In the end, my body won, as bodies always do. After an hour at the computer futilely resisting a nap, I finally dozed off and slept for an hour. I felt vastly better afterward. If I only had a brain, I would have remembered then what I finally remembered this morning, that when I ramp up my exercise level I also need to ramp up my sleep - I don't know why, and I'm sure plenty of other people don't need to do this, but I've always had to do so, so I really should have remembered. But no, no brain, so I didn't figure it out then, which led to Wednesday's grogginess and Thursday's illness. It is not, in fact the thought that counts, since the road to Hell is paved with good intentions; the things we do or fail to do have consequences, such as my failure to increase my sleep leading to the return of The Nap as well as to a rocky and comparatively unproductive work week.

Your Aunt Beverly woke me up (with a start) at 5:22. My first thought was alarm that I'd slept away the rest of my work day, followed by the realization that I felt vastly better, but not the further realization I should have drawn, though I was looking right at it. I believe I may have made it as far as thinking "Wow! I feel great. I have to remember that I like naps," but otherwise my brain just did not follow that logical train to the important station with the big neon sign. I have a reputation for being a very smart person, but I'm saved from excessive pride by my overfamiliarity with incidents just like this one, in which I walk right up to an important realization and then stop just before it, sometimes repeatedly, before much later eventually realizing the big truth and that I've been staring blindly at it for weeks or months or years.

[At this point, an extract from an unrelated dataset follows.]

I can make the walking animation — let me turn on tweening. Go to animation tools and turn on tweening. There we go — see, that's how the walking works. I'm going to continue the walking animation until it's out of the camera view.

The word "Duh" comes to mind.

Beverly reminded me I said I would review chapters seven (Skylands) and eight (Reunion) of Sunflowers, the Bella Sara book she's writing, so I spent the next hour reading and giving her feedback. A year ago Beverly made the change from being an editor, which she'd done all her career until then, to becoming a writer, something she'd played at being as a child but abandoned in her professional life until then. As an adult she'd always felt more comfortable making writing better than creating it from scratch. The empty page oppressed her, as it does so many writers. But now she's a writer and determined to learn as quickly as she can how to be good at it. One of my jobs at home is to be her training wheels, to review her chapters and help her find ways to improve it before she submits it to her editor. Chapters seven and eight were much better balanced than her early chapters. She's improving. The first five chapters of her book are published online as a free download here: http://www.bellasara.com/images/teasers/snf_book_sample.pdf.

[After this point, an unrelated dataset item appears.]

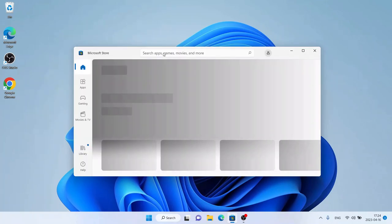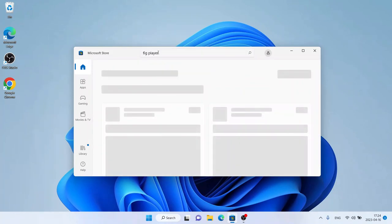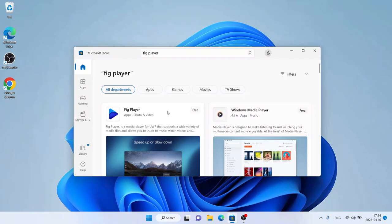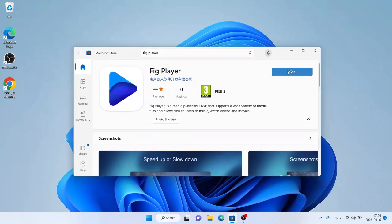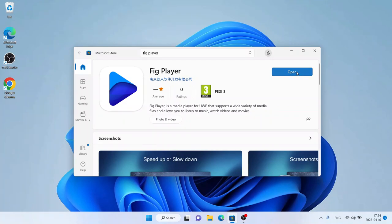Then search for Fig Player. As you can see, this is Fig Player — open it and click Get. It's downloaded. Downloading finished, installation complete — click Open.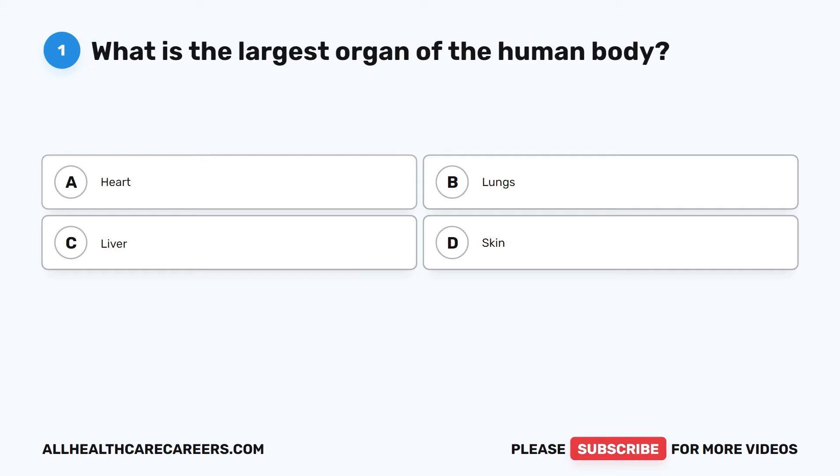Welcome to the 2023 HESI A2 Biology Practice Test. This test will have 20 questions with explained answers that will help you prepare for the test. Be sure to like the video by clicking the like button.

After the review we fended for dinner. I don't remember what she ate, but I'm pretty sure I ate breakfast: soy yogurt, and granola in soy milk. We watched TV, continuing our way through the backlog of shows that piled up during my vacation in the Southwest.

While we ate and watched TV, on Facebook I chatted with Wyatt for forty-five minutes. When I mentioned that I was reviewing Beverly's chapters, Wyatt wrote that she hoped to become a writer. I pointed her at this journal, which at the time was still published on my Verbal Medicine blog (http://rickmarshall.blogspot.com) and she directed me to Ruby Moonlight, a wolf role-playing website where she's been prolifically writing for two years (http://rubymoonlight.proboards.com/index.cgi).

After dinner I browsed Ruby Moonlight and began to realize just how much Wyatt had written there. I quickly shifted tactics from looking for her stories, to scanning them, to cataloging them, which is mainly what I spent the next two hours doing. She's interested in feedback, which is commendable, but to do justice to her writing I'll have to study it and think about it a while.

That reminded me I hadn't journaled yet, so I spent the last two hours of Monday writing "Bipolar Judo" before going to bed and falling asleep around midnight.

I went to bed feeling good about returning to work, and about walking Green Lake, and about journaling, and about getting more involved in Wyatt's life, all of which are good things no doubt, which is partly why I failed to realize that the most important thing about Monday was the post-walk nap.